Exercise requirements: Each record below needs to be set down again exactly.

Excerpts from a dataset
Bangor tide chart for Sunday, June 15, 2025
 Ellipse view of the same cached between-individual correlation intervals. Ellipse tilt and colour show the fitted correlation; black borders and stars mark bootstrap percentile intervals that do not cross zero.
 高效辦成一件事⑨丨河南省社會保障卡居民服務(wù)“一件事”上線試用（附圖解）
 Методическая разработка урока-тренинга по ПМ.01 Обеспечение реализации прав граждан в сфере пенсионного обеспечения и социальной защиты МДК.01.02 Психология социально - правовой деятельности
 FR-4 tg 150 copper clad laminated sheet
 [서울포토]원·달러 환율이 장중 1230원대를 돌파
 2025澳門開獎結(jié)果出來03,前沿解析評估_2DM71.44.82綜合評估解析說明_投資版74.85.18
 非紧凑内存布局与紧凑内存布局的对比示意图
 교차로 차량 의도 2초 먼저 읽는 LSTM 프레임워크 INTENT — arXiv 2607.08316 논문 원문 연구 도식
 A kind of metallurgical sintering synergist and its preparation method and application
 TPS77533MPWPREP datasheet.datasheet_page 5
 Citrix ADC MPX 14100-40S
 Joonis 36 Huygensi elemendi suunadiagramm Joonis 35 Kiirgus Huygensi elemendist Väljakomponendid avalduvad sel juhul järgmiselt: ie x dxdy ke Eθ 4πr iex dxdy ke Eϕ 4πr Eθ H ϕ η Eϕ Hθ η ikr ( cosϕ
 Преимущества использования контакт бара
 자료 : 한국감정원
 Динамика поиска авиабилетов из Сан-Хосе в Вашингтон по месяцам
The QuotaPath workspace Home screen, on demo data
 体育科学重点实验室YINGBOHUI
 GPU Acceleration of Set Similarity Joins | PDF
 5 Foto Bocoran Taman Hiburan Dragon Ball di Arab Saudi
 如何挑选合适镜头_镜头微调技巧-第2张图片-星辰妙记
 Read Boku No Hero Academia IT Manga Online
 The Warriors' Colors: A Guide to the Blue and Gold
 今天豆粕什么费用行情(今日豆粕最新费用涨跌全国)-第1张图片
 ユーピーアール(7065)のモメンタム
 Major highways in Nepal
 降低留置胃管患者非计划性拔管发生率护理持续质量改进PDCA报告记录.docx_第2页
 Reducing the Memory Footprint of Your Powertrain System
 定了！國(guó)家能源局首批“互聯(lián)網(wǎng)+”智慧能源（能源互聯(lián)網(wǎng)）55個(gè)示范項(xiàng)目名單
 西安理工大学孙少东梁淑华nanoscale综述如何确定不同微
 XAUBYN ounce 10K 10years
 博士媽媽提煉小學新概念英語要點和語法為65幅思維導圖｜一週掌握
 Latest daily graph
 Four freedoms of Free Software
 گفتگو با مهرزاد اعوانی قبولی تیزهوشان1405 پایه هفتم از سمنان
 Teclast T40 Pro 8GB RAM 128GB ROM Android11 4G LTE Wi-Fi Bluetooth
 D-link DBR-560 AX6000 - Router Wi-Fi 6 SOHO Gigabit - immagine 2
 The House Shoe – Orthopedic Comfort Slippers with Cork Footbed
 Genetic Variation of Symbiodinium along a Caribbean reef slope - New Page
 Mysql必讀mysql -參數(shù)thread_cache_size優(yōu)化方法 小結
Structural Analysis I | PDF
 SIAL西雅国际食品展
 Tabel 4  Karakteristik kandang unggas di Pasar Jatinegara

Completed exercise:
Bangor tide chart for Sunday, June 15, 2025
 Ellipse view of the same cached between-individual correlation intervals. Ellipse tilt and colour show the fitted correlation; black borders and stars mark bootstrap percentile intervals that do not cross zero.
 高效辦成一件事⑨丨河南省社會保障卡居民服務(wù)“一件事”上線試用（附圖解）
 Методическая разработка урока-тренинга по ПМ.01 Обеспечение реализации прав граждан в сфере пенсионного обеспечения и социальной защиты МДК.01.02 Психология социально - правовой деятельности
 FR-4 tg 150 copper clad laminated sheet
 [서울포토]원·달러 환율이 장중 1230원대를 돌파
 2025澳門開獎結(jié)果出來03,前沿解析評估_2DM71.44.82綜合評估解析說明_投資版74.85.18
 非紧凑内存布局与紧凑内存布局的对比示意图
 교차로 차량 의도 2초 먼저 읽는 LSTM 프레임워크 INTENT — arXiv 2607.08316 논문 원문 연구 도식
 A kind of metallurgical sintering synergist and its preparation method and application
 TPS77533MPWPREP datasheet.datasheet_page 5
 Citrix ADC MPX 14100-40S
 Joonis 36 Huygensi elemendi suunadiagramm Joonis 35 Kiirgus Huygensi elemendist Väljakomponendid avalduvad sel juhul järgmiselt: ie x dxdy ke Eθ 4πr iex dxdy ke Eϕ 4πr Eθ H ϕ η Eϕ Hθ η ikr ( cosϕ
 Преимущества использования контакт бара
 자료 : 한국감정원
 Динамика поиска авиабилетов из Сан-Хосе в Вашингтон по месяцам
The QuotaPath workspace Home screen, on demo data
 体育科学重点实验室YINGBOHUI
 GPU Acceleration of Set Similarity Joins | PDF
 5 Foto Bocoran Taman Hiburan Dragon Ball di Arab Saudi
 如何挑选合适镜头_镜头微调技巧-第2张图片-星辰妙记
 Read Boku No Hero Academia IT Manga Online
 The Warriors' Colors: A Guide to the Blue and Gold
 今天豆粕什么费用行情(今日豆粕最新费用涨跌全国)-第1张图片
 ユーピーアール(7065)のモメンタム
 Major highways in Nepal
 降低留置胃管患者非计划性拔管发生率护理持续质量改进PDCA报告记录.docx_第2页
 Reducing the Memory Footprint of Your Powertrain System
 定了！國(guó)家能源局首批“互聯(lián)網(wǎng)+”智慧能源（能源互聯(lián)網(wǎng)）55個(gè)示范項(xiàng)目名單
 西安理工大学孙少东梁淑华nanoscale综述如何确定不同微
 XAUBYN ounce 10K 10years
 博士媽媽提煉小學新概念英語要點和語法為65幅思維導圖｜一週掌握
 Latest daily graph
 Four freedoms of Free Software
 گفتگو با مهرزاد اعوانی قبولی تیزهوشان1405 پایه هفتم از سمنان
 Teclast T40 Pro 8GB RAM 128GB ROM Android11 4G LTE Wi-Fi Bluetooth
 D-link DBR-560 AX6000 - Router Wi-Fi 6 SOHO Gigabit - immagine 2
 The House Shoe – Orthopedic Comfort Slippers with Cork Footbed
 Genetic Variation of Symbiodinium along a Caribbean reef slope - New Page
 Mysql必讀mysql -參數(shù)thread_cache_size優(yōu)化方法 小結
Structural Analysis I | PDF
 SIAL西雅国际食品展
 Tabel 4  Karakteristik kandang unggas di Pasar Jatinegara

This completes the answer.